* Problem to solve *
Once you find the line below that has "Elegant Modern Two", output it and every line after it exactly, stopping after the line that has "Simin Jug With Red Plastic Lid Red - Image 1", with no pictures.

* Extracted data *
<<<<
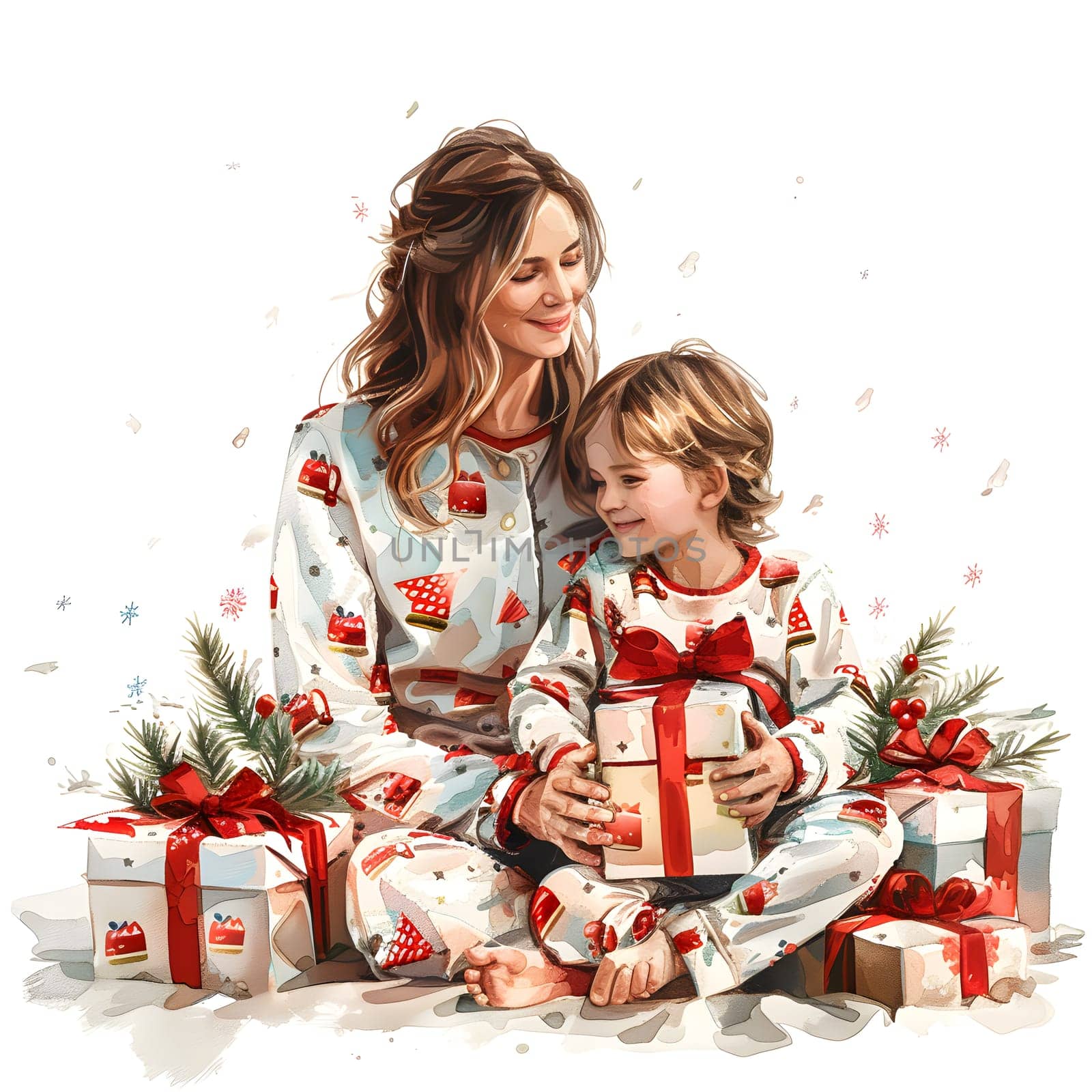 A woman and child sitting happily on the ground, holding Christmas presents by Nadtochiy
>>>>
<<<<
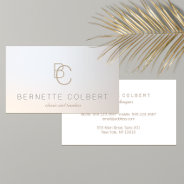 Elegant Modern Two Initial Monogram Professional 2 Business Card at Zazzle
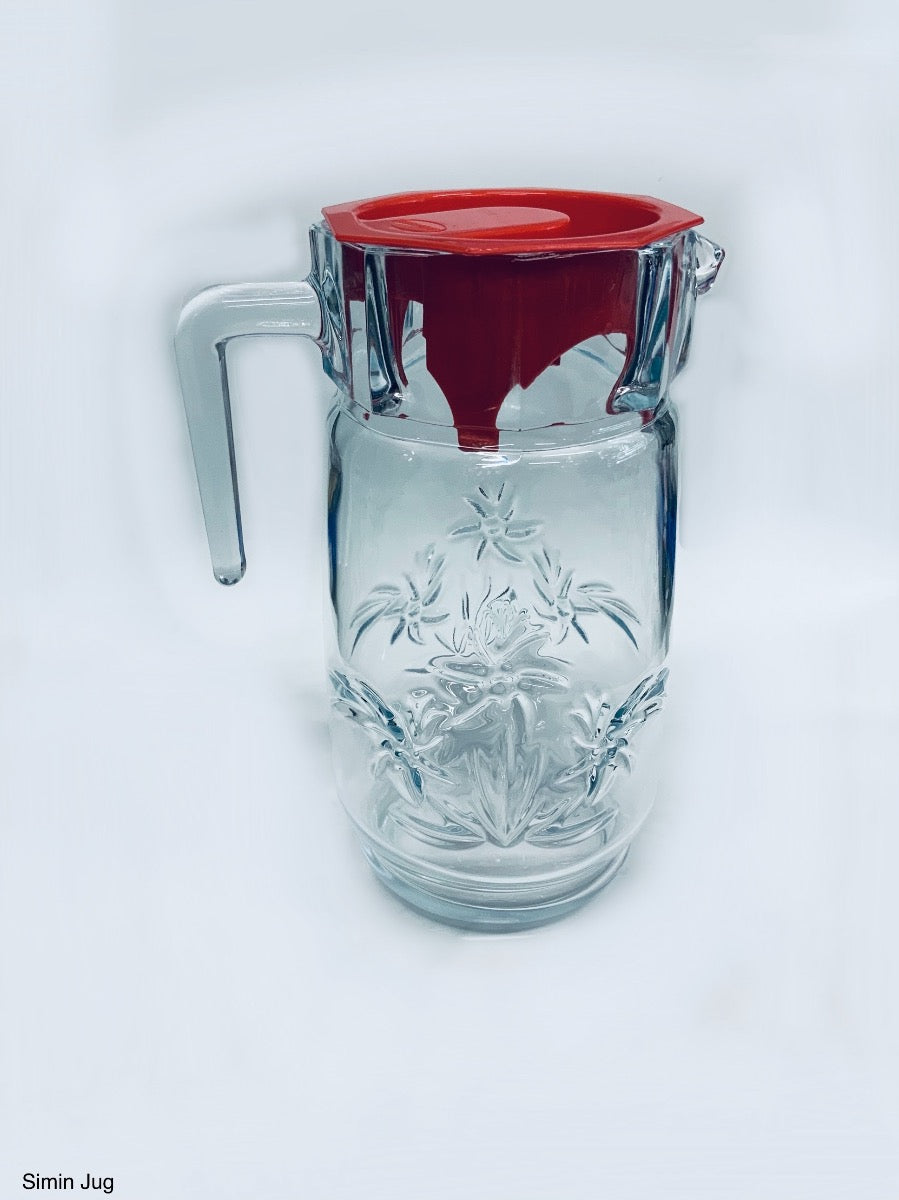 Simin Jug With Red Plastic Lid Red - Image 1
>>>>
* Response to the task *
 Elegant Modern Two Initial Monogram Professional 2 Business Card at Zazzle
 Simin Jug With Red Plastic Lid Red - Image 1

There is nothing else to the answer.